I far prefer to keep the line work loose. The lines are cleaner, but lack energy when I find a bench to sit upon and draw as happened in this sketch.

Last night, I grabbed my brush pen – not realizing it was almost dry – and rode down to the pub for a burger and a brew and a bit of “pub scrawling.” Pub scrawling is what I call sitting at the bar and drawing the patrons as I enjoy a cold glass of Rylie Porter. One fellow caught my eye and I think perhaps he “made” me doing so – probably because the people around me weren’t shy about looking over my shoulder as I sketched. I’d suddenly become so popular that I felt a little like a celebrity!

I rather enjoyed working with the almost dry brush pen.

Direct painting demo

26 January, 2016. This may have been the best 30 minute investment of time I’ve made all year. I had a lot of fun today, painting in front of my students and intentionally making a couple of very subtle errors as I did. As I painted I would ask the group to tell me if there was anything wrong with the chin or the nose or part of a shadow shape. It was great! Students would come up and point out some very detailed observation. Using their finger, they would trace a line in the air to show me how and where to correct the sketch. Honestly, this felt like a really teachable moment – perhaps  I need to do this type of thing more often because they were thinking and looking more deeply than I have seen them do in months. And how cool is it to get to critique the teacher?

I think the direct painting approach also blew a couple of people’s minds… “You mean you can start a painting without doing any drawing whatsoever?”
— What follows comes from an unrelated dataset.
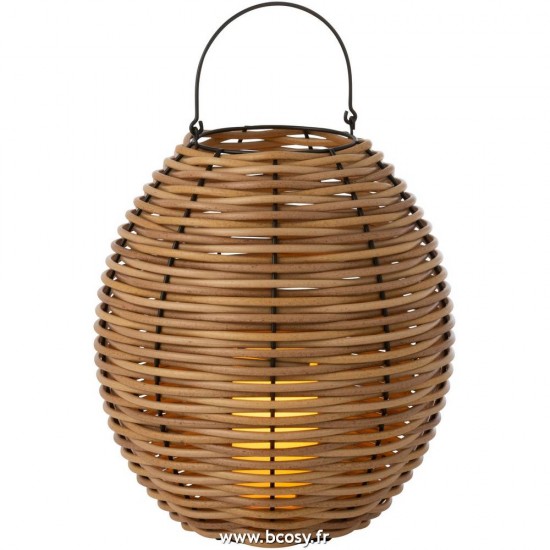 J-line 10001 Jolipa JLine support bougie lanterne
One student just purchased a small kit of oil paint over the weekend. He and I sat down beforehand to discuss what he wanted to accomplish. After sharing the Zorn Palette concept with him, he decided to go that route. (And after all, four tubes of paint are reassuringly more economical for a thrifty art student’s budget than eight or ten.) 
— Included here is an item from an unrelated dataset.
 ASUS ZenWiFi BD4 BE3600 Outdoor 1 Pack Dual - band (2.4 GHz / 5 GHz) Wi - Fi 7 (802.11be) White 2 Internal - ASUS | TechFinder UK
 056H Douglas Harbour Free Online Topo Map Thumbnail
Our AP Studio Art class is comprised of design, photography, drawing/painting, and sculpture students, so it’s not often that I’m able to do a demonstration that is of interest or relevance to everyone. But today worked out well because we used the first few minutes to discuss form in the round, composition, along with the concept of chiaroscuro and lighting/modeling. Even my sculpture students hung around to watch as the paint was “sculpted,” the edges carved, and a likeness appeared. (Gamblin Oils on tinted hardboard.)
I’ve also been stressing the sketchbook the past couple of classes. Too few of my students are using the pages of their sketchbooks to resolve visual problems, to journal, to make notes or comment upon the world around them. I shared this recent scribble just to make the point that it’s ok to do exactly that now and again: to scribble. Getting hung up on the “preciousness” of a sketch is paralyzing at best.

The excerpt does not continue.